The Michigan Marijuana Regulatory Agency recently issued proposed rules that would, in part, establish a “class A microbusiness" license, MLive reports. The proposal would double the current plant limit for small operators and allow them to more easily acquire both plants and finished cannabis products.
The state debuted a microbusiness license as recreational sales began in 2019, part of an effort to allow small entrepreneurs to coexist alongside larger marijuana companies and wealthy investors. But only seven of those licenses have been issued, and just three license-holders are currently operating.

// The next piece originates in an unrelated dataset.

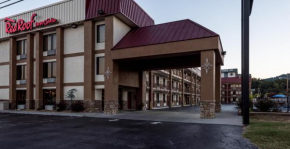 Red Roof Inn & Suites Pigeon Forge Parkway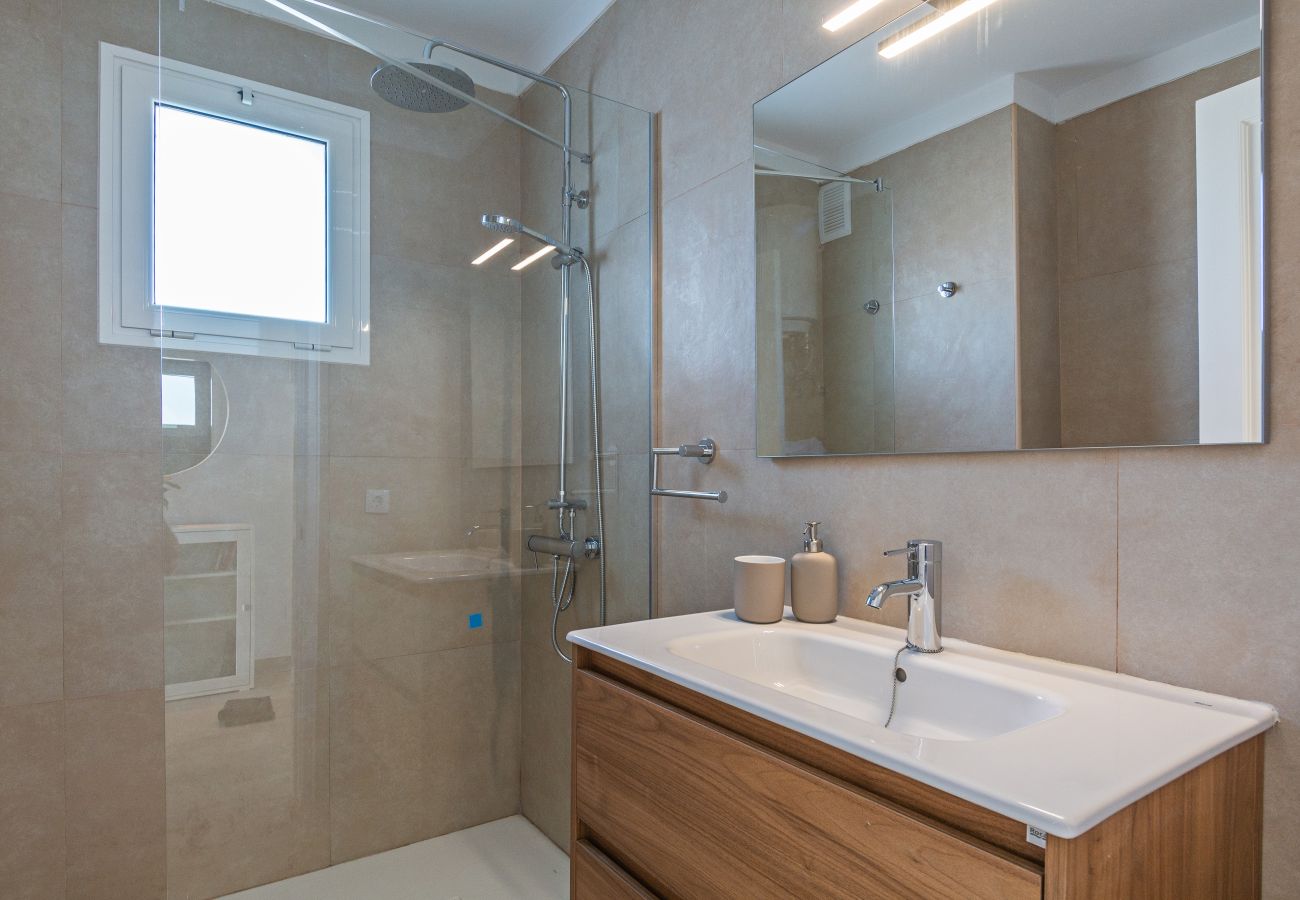 Apartment in Costa Teguise - Palmeras Apt - Pool & Terrace - next to Beach Apartment in Costa Teguise - Palmeras Apt - Pool & Terrace - next to Beach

Critics say the current system is economically unfeasible — plant limits are too low, and the costs to set up processing operations can be exorbitant. The newly proposed license would allow companies to grow up to 300 plants. Microbusinesses would also be able to acquire mature plants, as well as purchase ready-to-sell, non-flower products directly from processors.
The new license, however, would also prohibit those companies from processing in-house without a separate state processing license.
State officials told a recent panel that change would ease the regulatory burden and keep costs down, but questions remain about how the handful of currently operating microbusinesses would transition to the new license. One company, Sun Provisions of Decatur, Michigan, hopes to be grandfathered in under the new system after investing heavily in its own processing equipment.
“The difference between feast and famine is going to be allowing us to grow and do more,” Operations Manager Helen Sun told MLive.